Rural ISP Gigaclear has rolled out a fibre optic broadband network in a Oxfordshire business park.
The broadband connection which previously served Kingston Business Park was previously has copper which only provided the 30 businessess based there speeds of up to 1.5Mbps.
Some firms considering relocating until Gigaclear installed FTTP (Fibre to the Premises) broadband, delivering speeds of at least 50Mbps and up to 1Gbps.
One firm, ES Technology, a laser processing equipment manufacturer, has used the network to download complex, large files over the internet. Operations director Tim Millard said: “We’re now able to download CAD drawings from our suppliers instantaneously.”
“Previously complex drawings could have taken up to 30 minutes to download which left our designers killing time while they waited to access the files. Our parent company, based in Northamptonshire, is so impressed with how quickly we can transfer information, it is pushing for fibre optic at their own premises.”
Over 53,000 premises in Northamptonshire are due to be connected to superfast broadband by BT as part of the Superfast Northamptonshire BDUK (Broadband Delivery for the UK) scheme.
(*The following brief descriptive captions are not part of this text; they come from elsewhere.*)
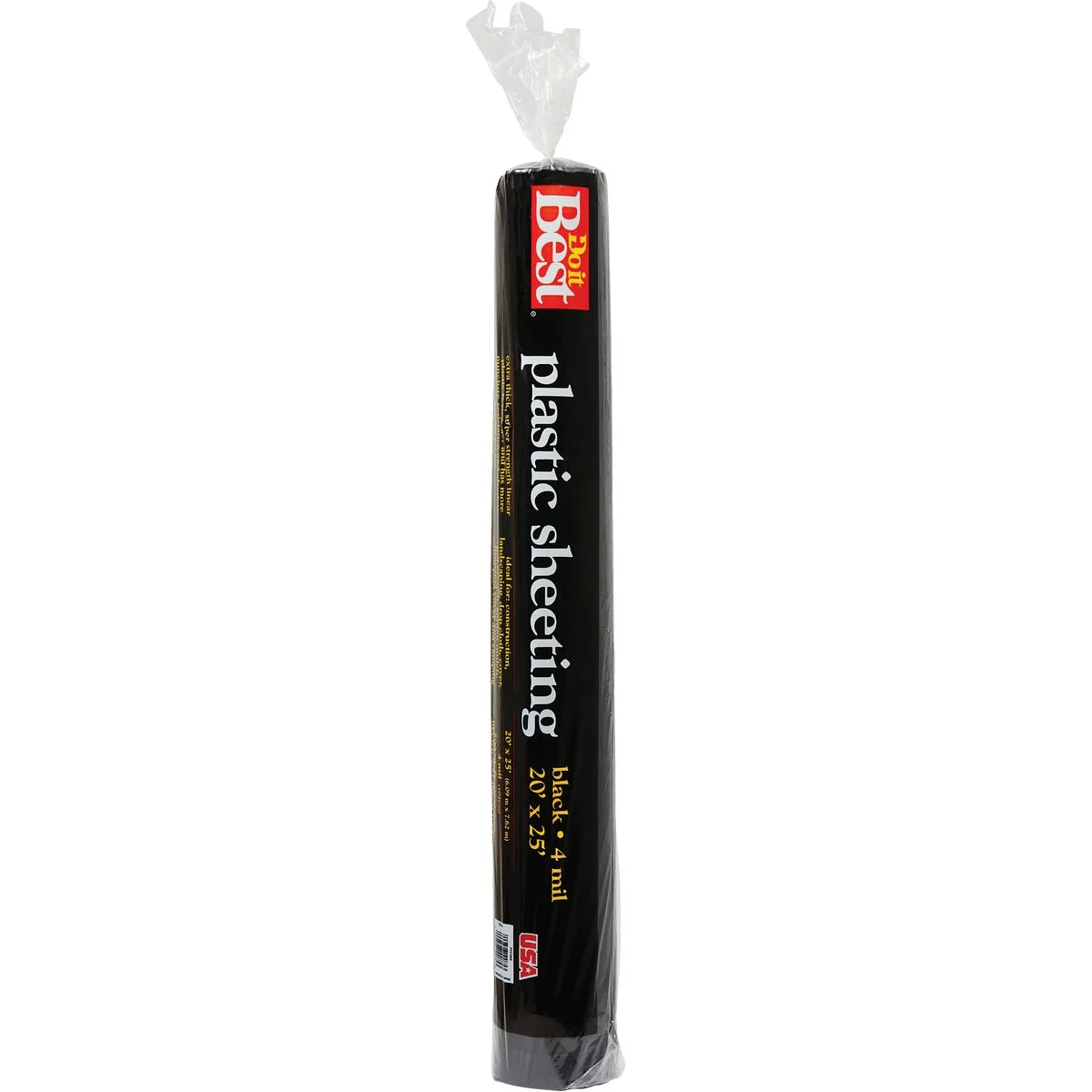 Flexible Do it 20 Ft. X 25 Ft. Black 4 Mil. Poly Film Sheeting Premium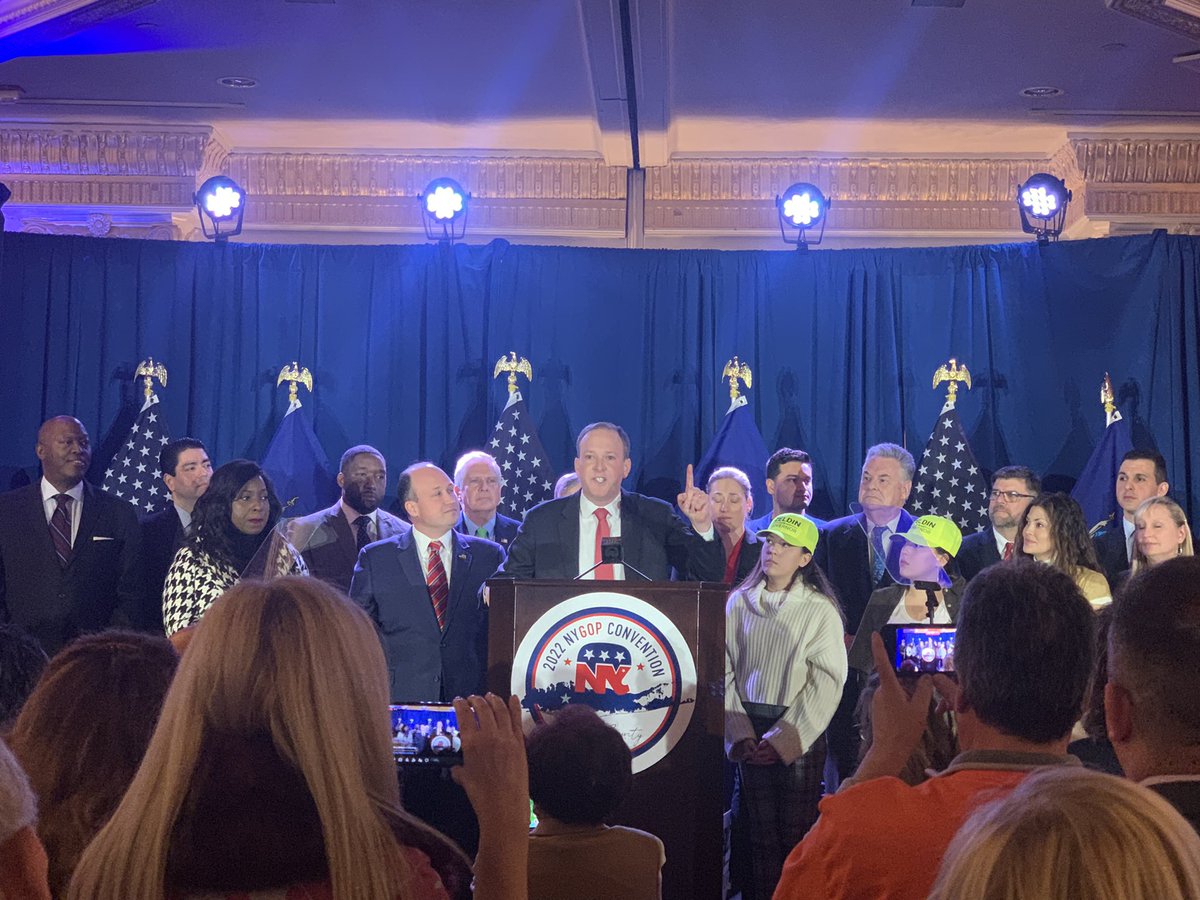 Congratulations to our Republican Party designee for governor <a href="/leemzeldin/"></a> who secured 85.25% of the vote! 

We are on our way to Saving our State! #nygop22 #leadright #RedWave2022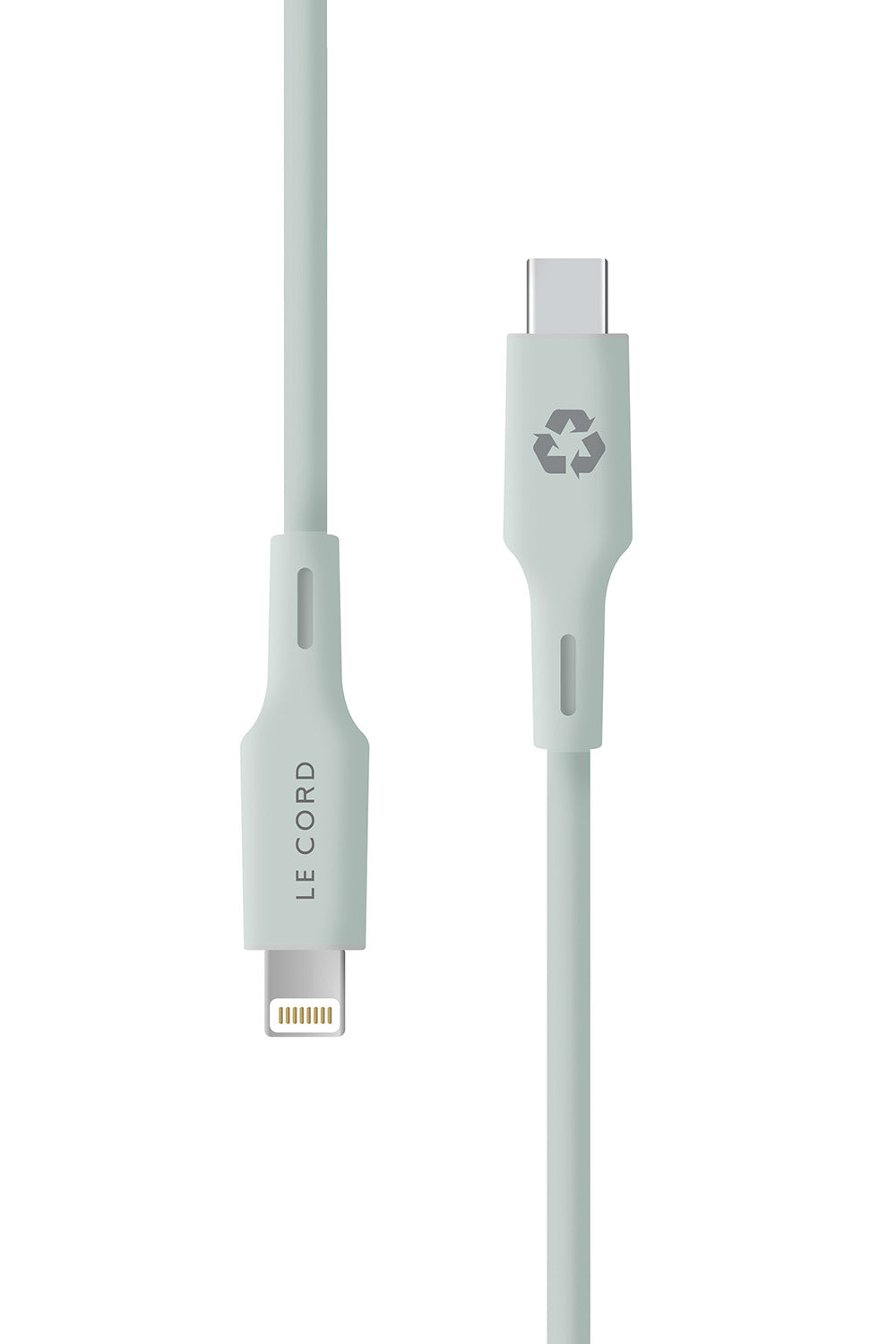 Pale Pine iPhone Lightning till Type C-kabel · 1,2 meter · Tillverkad av återvunnen plast
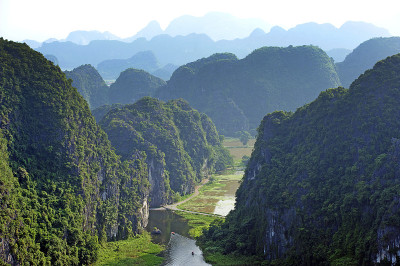 毕业巨人，Tam Coc，宁平省，越南北部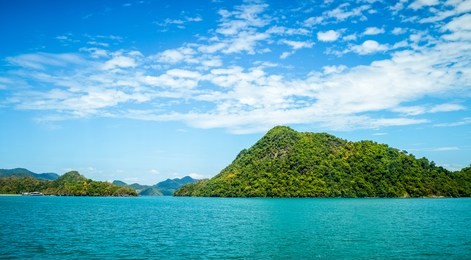 magnificent scenery of the kilim geoforest park in langkawi, malaysia.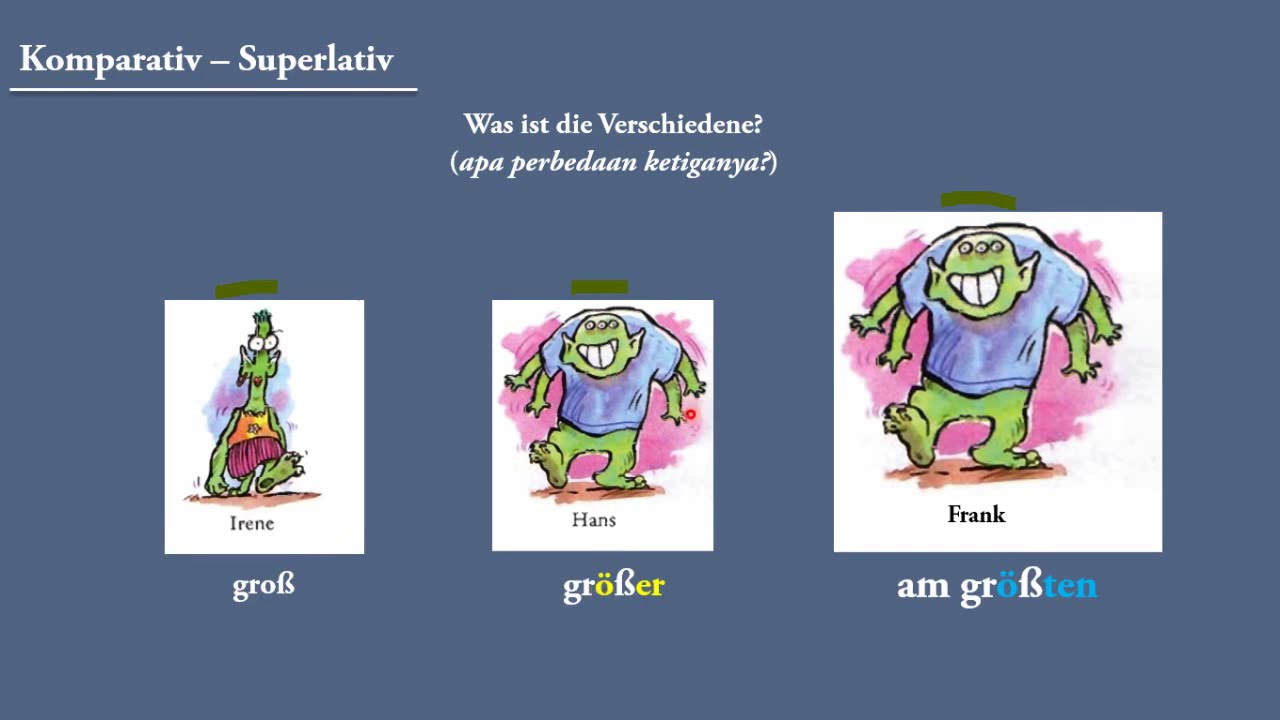 groß - größer - am größten - YouTube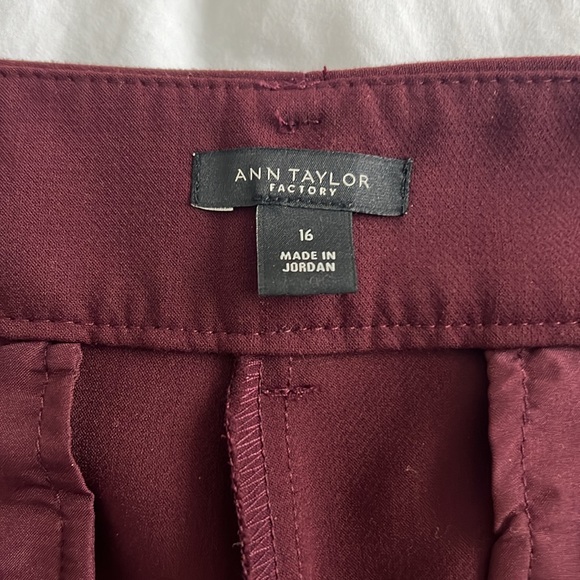 Burgundy Ann Taylor Dress Pants - Picture 4 of 5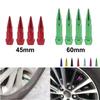 New 4pcs Long Pointed Tire Valve Caps for Automobiles and Motorcycles Tire Valve Cover Wear Parts Car Accessories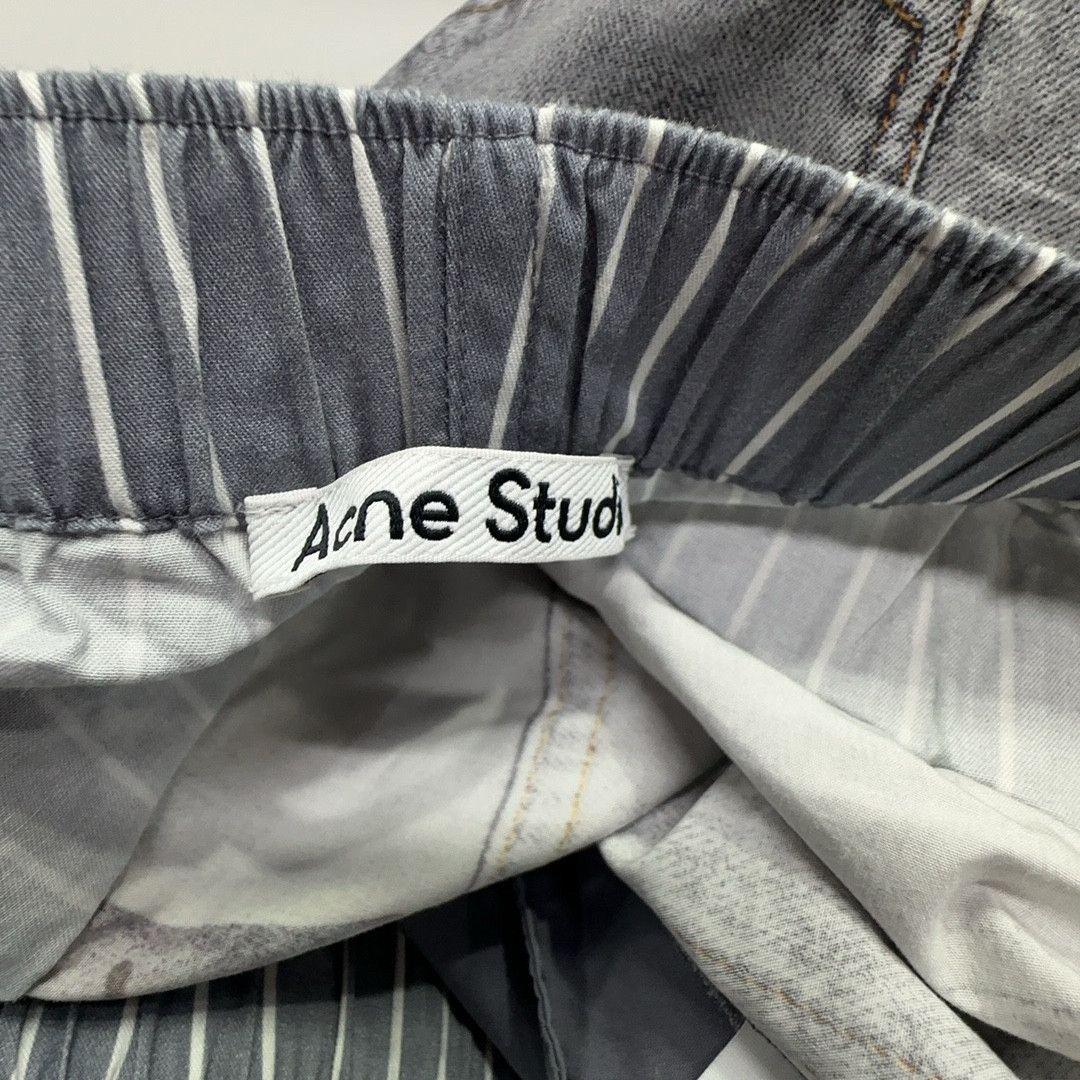 Acne Studios Acne Studios Trompe L'oeil Pinstripe Pants 32 Size 24" / US 00 / IT 34 - 4 Thumbnail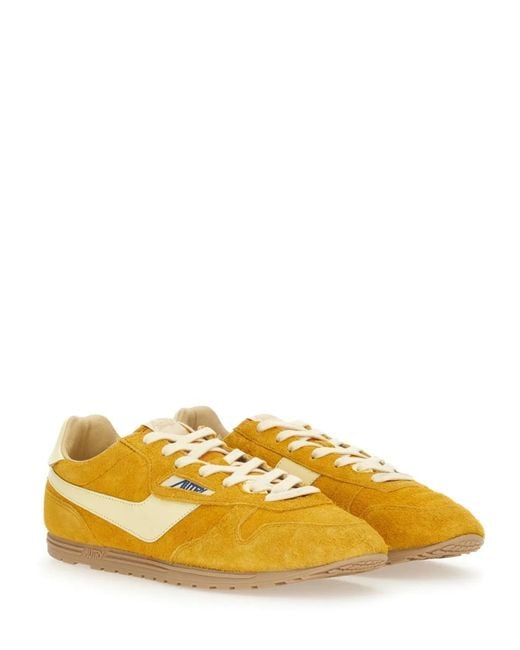 Autry Yellow "Windspin" Sneaker for men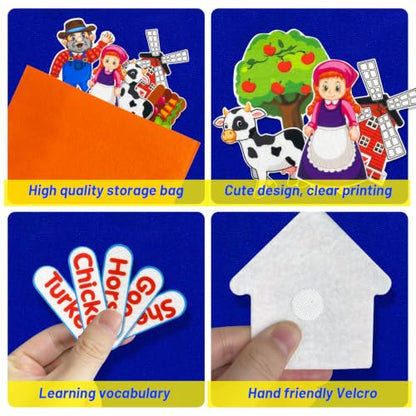 Felt Flannel Board Story Pieces for Toddlers Preschool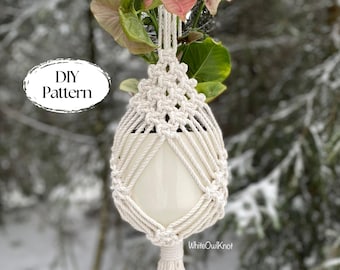 PDF Pattern Macrame Plant Hanger, Rhombus Plant Hanger DIY, Macramé Pattern Beginner, DIY Macrame, Step-by-Step, Instant Download
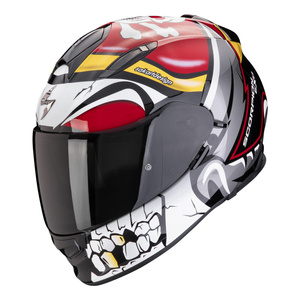 Kask motocyklowy SCORPION EXO-491 PIRATE RED czerwony biały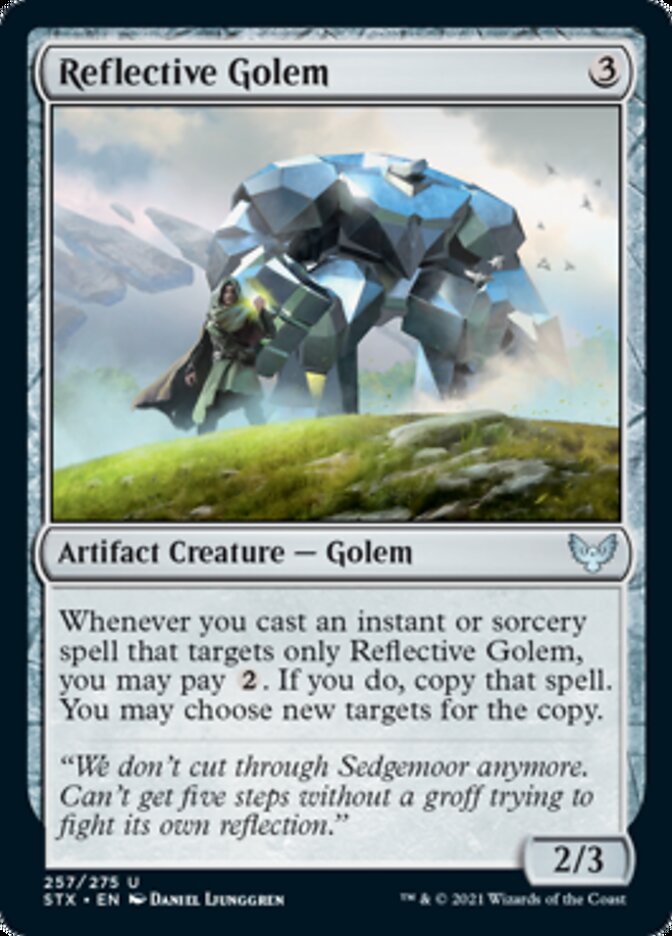 Reflective Golem [Strixhaven: School of Mages] | Grognard Games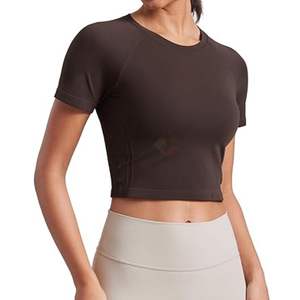 Haut de sport à manches courtes pour femme, séchage rapide, respirant, pour la course à pied, le fitness et le yoga, pour adultes - Product Image 6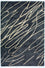 Designer tæppe - 180 x 121 cm - blå
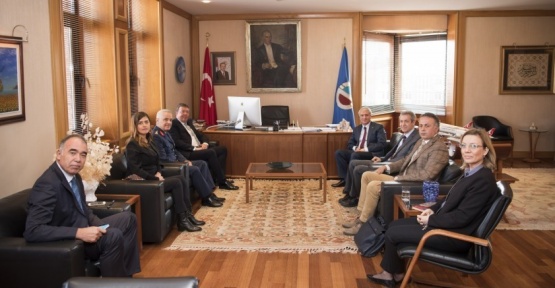 Askeri Fabrikalar Genel Müdürlüğünden Anadolu Üniversitesine iş birliği ziyareti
This will see companies able to enjoy speeds of at least 24Mbps on an FTTC (Fibre to the Cabinet) line with the possibility of upgrading to FTTP. BT doesn’t currently offer 1Gbps speeds on its fibre lines but trials have proven that it could offer this in the future.
Gigaclear by contrast is installing FTTP as standard, offering firms download and upload speeds of up to 1Gbps.
Philip Stacey of Clarendon Business Centres added that his firm was at were at risk of losing business because of the slow and unreliable broadband speeds. Stacey said: “With many clients investing in servers and cloud based solutions onsite, it became essential for us to seek the best Internet connectivity solution available, to both retain and build our client base.
“Since installing the network, we’ve gone from having internet speeds as low as 0.5Mbps to a symmetric 100Mbps with the potential to increase this to 1Gbps.”
Matthew Hare, chief executive, Gigaclear said the debate on broadband services in rural communities is about more than just technology.
“It is about provisioning for a sustainable economic future for those who wish to live and work in counties like Oxfordshire. Broadband is an essential utility for businesses today – having poor broadband in a business park is akin to building the park without electricity. By implementing ultrafast broadband, Kingston Business Park businesses are benefiting from world class technology within their preferred geographic location.”
Gigaclear’s business model is based on offering gigabit broadband to rural residents and companies who aren’t in line to benefit from commercial expansion from companies like BT or Virgin Media or the government’s BDUK programme.
Communities living in would-be Gigaclear areas will also have to demonstrate sufficient interest in the area before they start digging, therefore guaranteeing the company a return on investment.